30. October 13, 1984

October 13, 1984 was a Saturday. Peppermint Patty lies on a beanbag chair and speaks on the phone. "Hi, Chuck," she starts. She complains about how Marcie is "driving me crazy" because "she'll never be a football player." In panel two, Patty is drawn closer up, like a camera is zooming in on her. She says "Some people just never learn, do they Chuck?"  Where is this going? How is this a football routine strip? Except for the special case of 1979, every football routine strip has been a Sunday strip, a longer stand alone story that takes place mostly outside the plot of the daily strips. The Sunday football routine strips refer to each other more than they do to the strips that surround them on the calendar. Nonetheless, and to continue the filmic metaphor of the close up, there is a jump cut between panels two and three. We no longer see Patty talking, but we do not see the expected cut to Charlie Brown responding over the phone from his house. Instead, we see Lucy. She is kneeling and holding a football, but she is right outside of Charlie Brown's house. She calls out, with a pair of eighth notes to show that she is singing out his name "Charlie Brown . . . C'mon outside . . . I'll hold the ball, and you kick it . . ." Suddenly we are in the midst of the football routine.
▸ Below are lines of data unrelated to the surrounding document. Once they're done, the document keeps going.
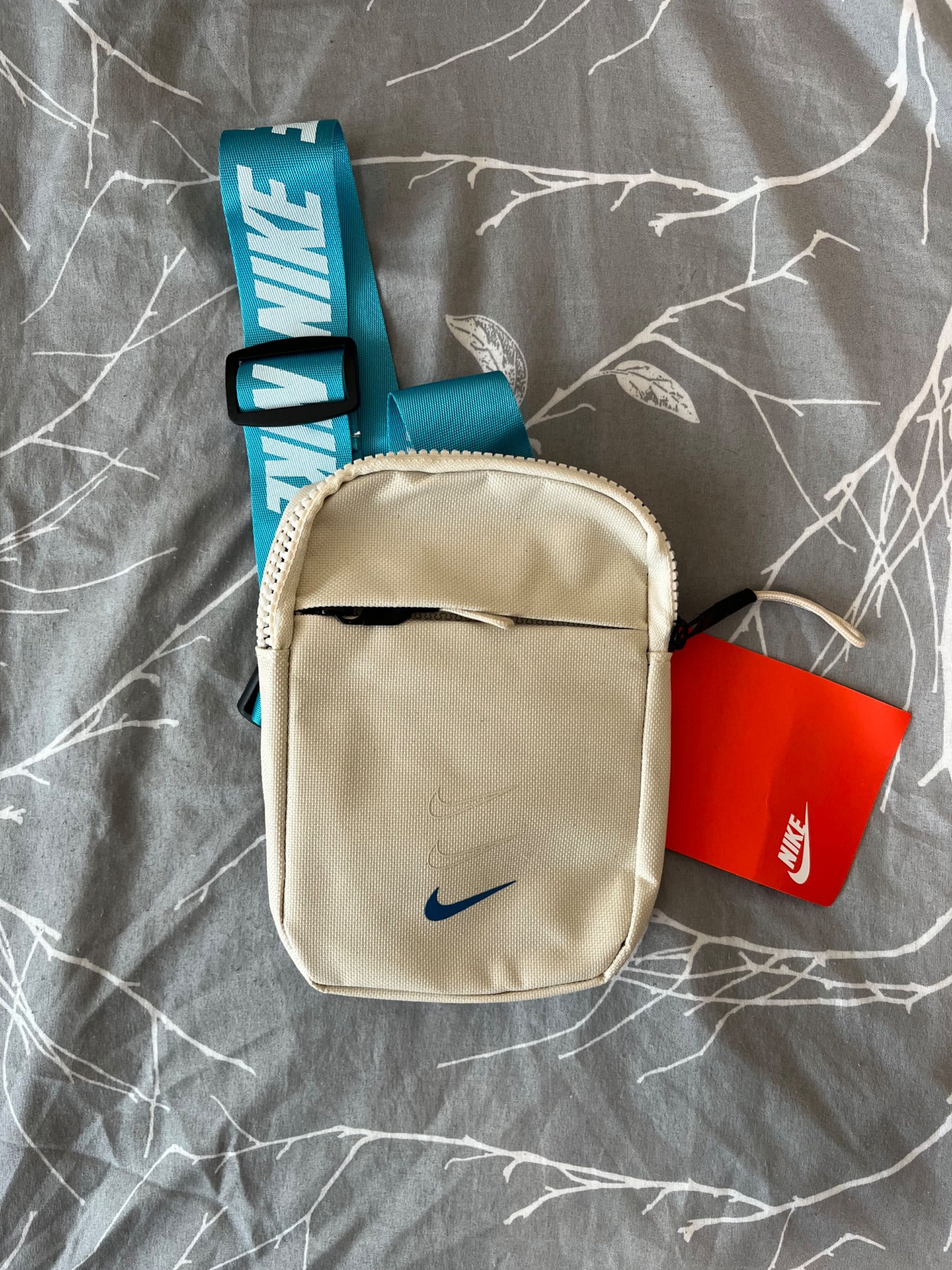 Барсетка сумка Nike баранка от Найк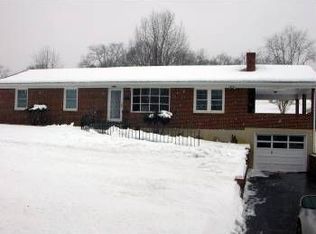 3611 New Spring Branch Rd SE, Roanoke, VA 24014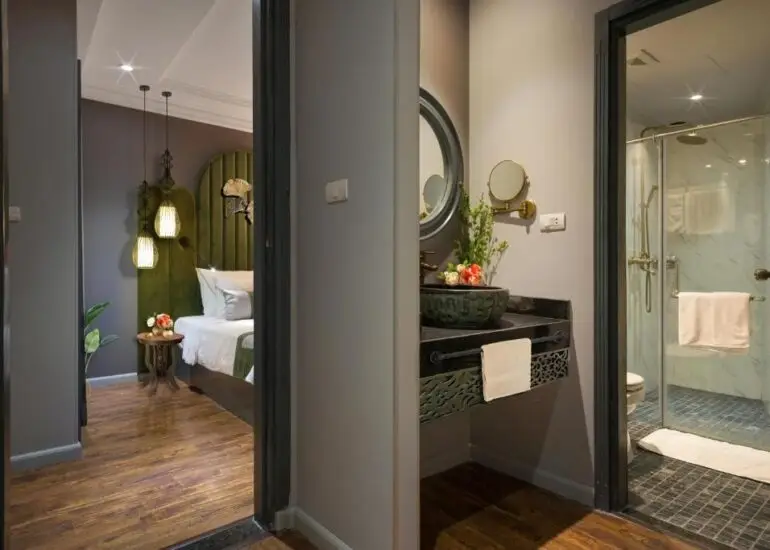 Family Connecting Room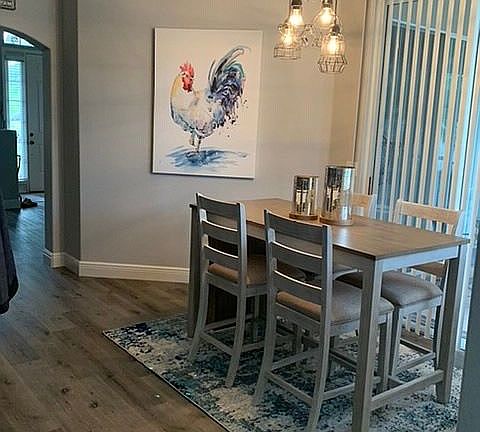 Kitchen Nook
The final panel of the comic takes us to the expected scene of Charlie Brown speaking into his phone. He says "No, we don't" He does not say, "No, they don't." He says "we." He knows he is one of the people who "just never learn." Charlie Brown is standing near a window. His eyes are looking toward the window and away from his phone conversation. He has heard Lucy's call, which, given the time frame of the comic and the way it cuts from place to place, she must have been making either as Patty was talking or in the moment after she finished talking and before Charlie Brown responded. The comic ends. If readers were expecting a Sunday football routine strip in 1984, they were disappointed. If they were expecting the Monday, October 15 strip to pick up where the Saturday, October 13 strip left off, they were disappointed. On October 15 we are with Spike in the desert. The next football routine strip is two years away!